I'd add canonical link elements to your html and http headers in order to reduce the chances of subversion somehow. The whole thing feels really weird to me.
Bait and switch? Get users t bookmark the joinexample.com, and the others, and once they notice that people keep going to your side via their domain names, they will switch, make a fake "change password" and will be ripped off.
one another scenario is that if you open the domain from browser, they will do 301 redirect, but for traffic coming from Google/search engine, they will show their actual content.
If this is done with SEO in mind, at first they will also do a redirect for Google Bot.

Then they build links to their domains. Once it has more backlinks than the real domain, the redirect is removed.

I'll add another scenario I've personally experienced:

- Reaching out in good-faith with an offer to sell the domain to you. I've had that happen in the past and before receiving the email the person directed the domain to my official website to show good will. I purchased the domain and now own it.

Not saying this is the case here, but just wanted to throw a legitimate scenario into the mix. They should have reached out by now if this was the case.

Just speculating here, but would it be possible that the redirecting domains could actually overtake the original site in terms of search rank, etc? If yes, this could be preparation for a semi-targeted phishing campaign:

1) set up plausibly-named fake domains that redirect to example.com

2) ensure that the fake domains rank higher than the original domain for "example" searches.

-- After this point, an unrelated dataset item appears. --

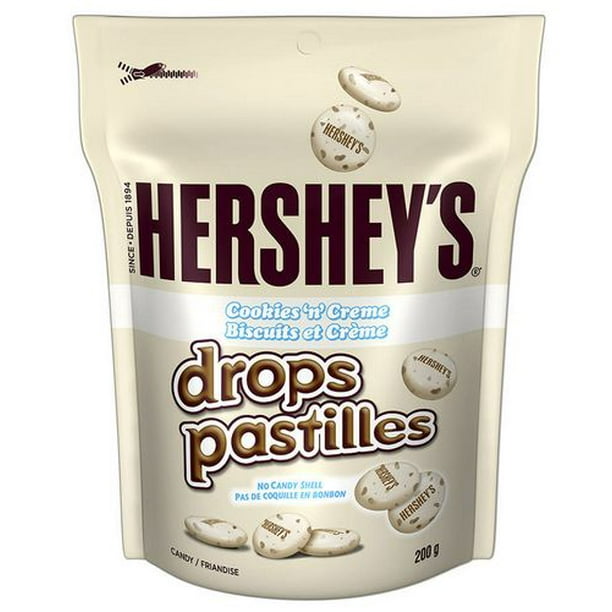 Bonbons pastilles de HERSHEY'S à saveur de biscuits et crème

3) after a while, people have gotten used to accessing the service through the fake domains or might even think those are the official domains.

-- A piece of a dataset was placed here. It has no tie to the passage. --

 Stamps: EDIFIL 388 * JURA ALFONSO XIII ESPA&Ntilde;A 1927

4) pull up the net by replacing the redirect with phishing pages. Suddenly, everyone googling for the service will end up on a phishing site, without any obvious way to fix the situation.

Phishers could also run this scheme for lots of sites in parallel, without needing to have some specific interest in any of them.

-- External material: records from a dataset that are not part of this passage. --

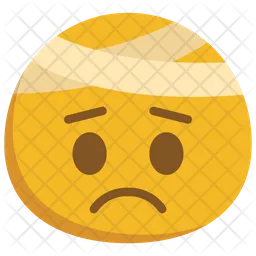 Injured Emoji Icon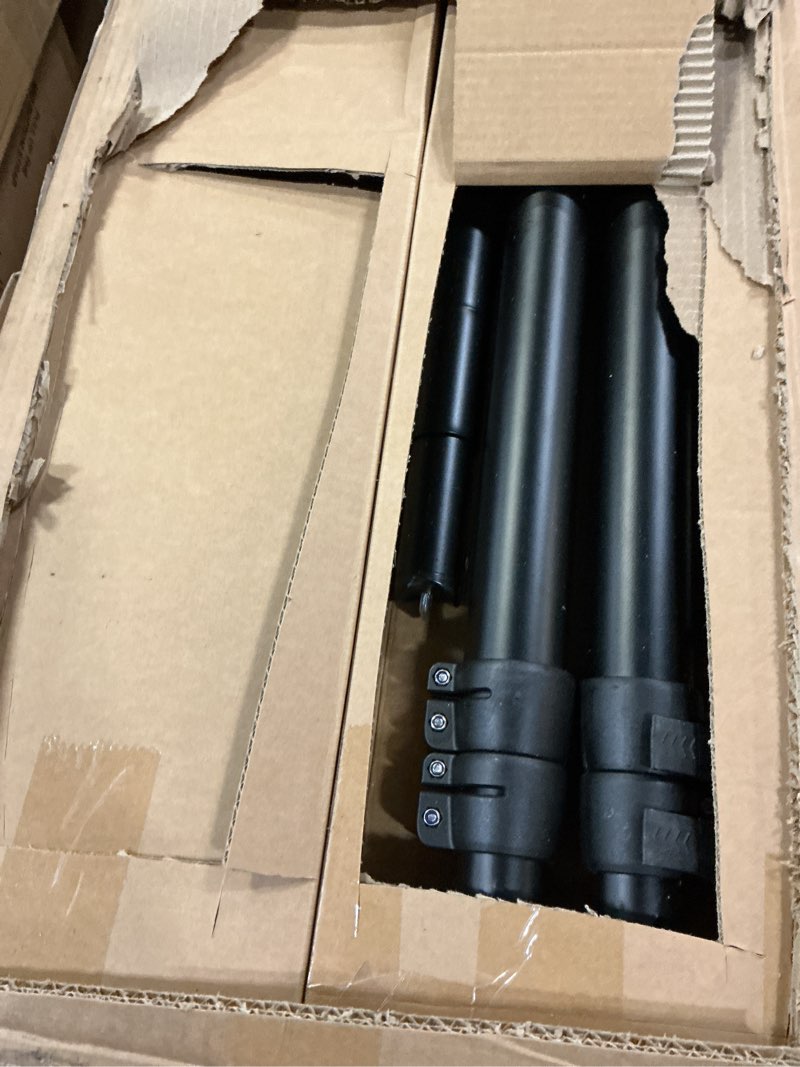 Condition photo showing Good Condition for Heavy Duty Backdrop Stand, 10x10ft Pipe and Drape Backdrop Stand Kit with Upgrade Clip on Telescopic Poles Frame and Metal Base, Background Holder for Parties Wedding Birthday Photography 10x10FT-with Upgrade Clip on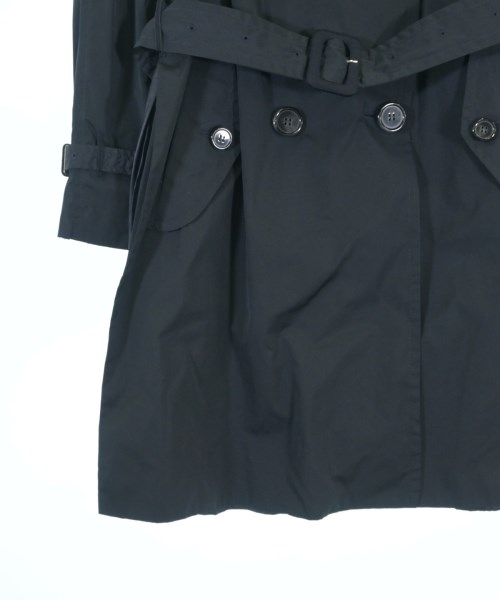 MONCLER（モンクレール）トレンチコート 紺 サイズ:2(M位) レディース/2200693519928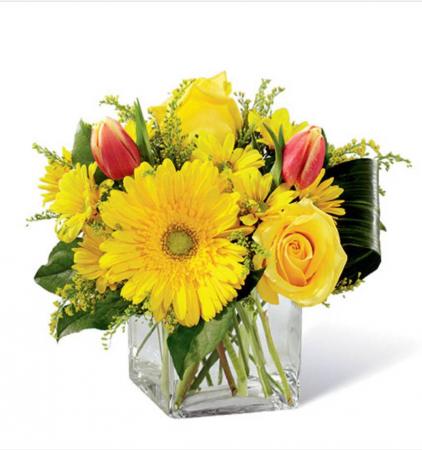 Sunshine Spring small vase Vase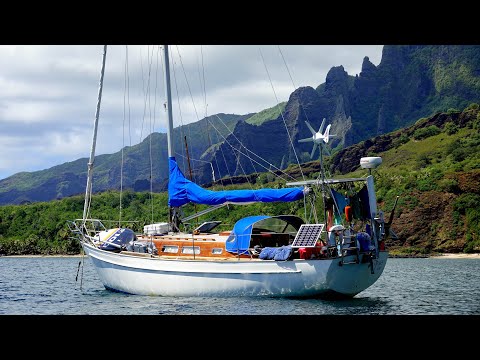 Ua Huka's Tikis And Wood Carvers - Ep. 47 Thula Sailing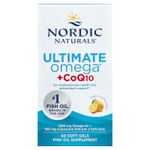 Nordic Naturals, Ultimate Omega® с коэнзимом Q10, со вкусом лимона, 60 капсул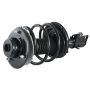 GSP 812319 Chrysler, Dodge Suspension Strut and Coil Spring Assembly  - Front Left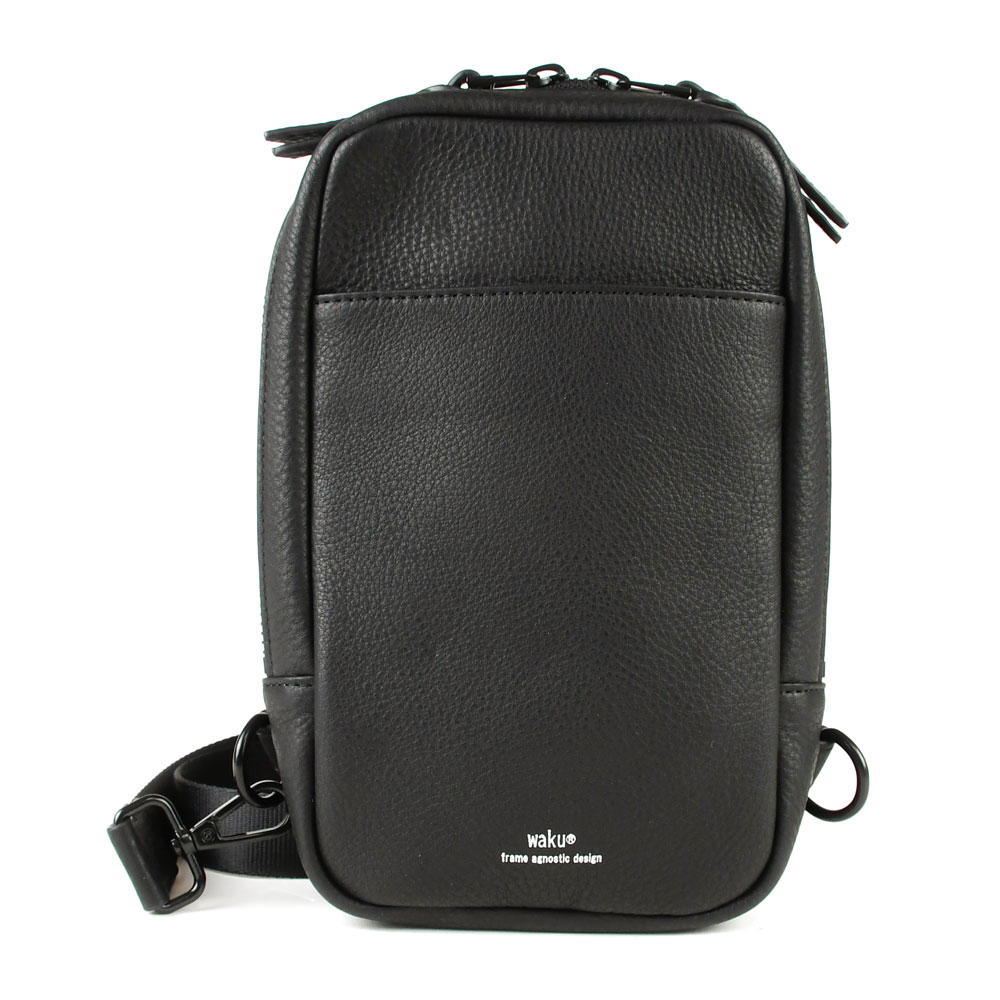 waku（ワク） 縦長ミニショルダーバッグ ボディバッグ ミニショルダー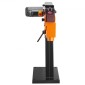 VEVOR 76mm x 2007 mm Belt Grinder Trinder, 2100W 900RPM Λειαντικό μηχάνημα λείανσης βιομηχανικής ποιότητας με ρυθμιζόμενη γωνία 0° - 45° και θύρα συλλογής σκόνης για επαγγελματική ξυλουργική επεξεργασία μετάλλων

Edit: Seems like the semantics of the 301 redirect should prevent this from working though.

Phishing. Regular visits to these domains will 301 redirect them to you, but there's at least one URL that will instead be handled by the scammers themselves.

They'll then send out an email campaign with a From: address in the counterfeit domain (which will have valid SPF/DKIM/whatever), a subject like "Example.com: You've been invited to join a project!", quickly-come-see-this-secret-stuff body copy, and a call-to-action button linked to that URL.

The page hosted on the URL will have your branding and everything, and collect a bunch of personal information and/or access credentials for the scammers.

Taking down this stuff is tedious, but you can try -- least you can do for now is display a prominent 'this is not an authorized example.com domain' warning for inbound visits from these redirects, create a public Knowledge Base-like article warning about this abuse as well (making very clear this has nothing to do with you), and block the domains involved on your inbound mail server.

Silver lining: apparently your SaaS is successful enough to be used as a lure for scammers. Congrats?

Another alternative is that they will hijack those links once they gain traction in search results. Almost as a hedge against your future success.
Could be for phishing. Is the SAAS in a domain that involves money (payments/crypto etc) ? Then even more likely so. I would drop those redirects at my webserver level. Easy to d0.
I’ve seen one or two domains like that serving 301s to some IPs and their own website to others. This could be a 1000:1 ratio. Then they serve an absolutely ad-infested parking page-style website to those others. And that’s how they skim a little bit of revenue off your customers.

They may also represent you to real life businesses for invoice scams or credit.

Rare but possible scenarios worth considering.

Whatever their plan - if you have a trademark or similar IP protection on "Example", that might be prove extremely useful here. (If not - consider getting some protection ASAP.)

It's been a while, and IANAL - but I've seen both domain resellers and registrars cave pretty quickly when contacted with "that name very obviously infringes on our trademark".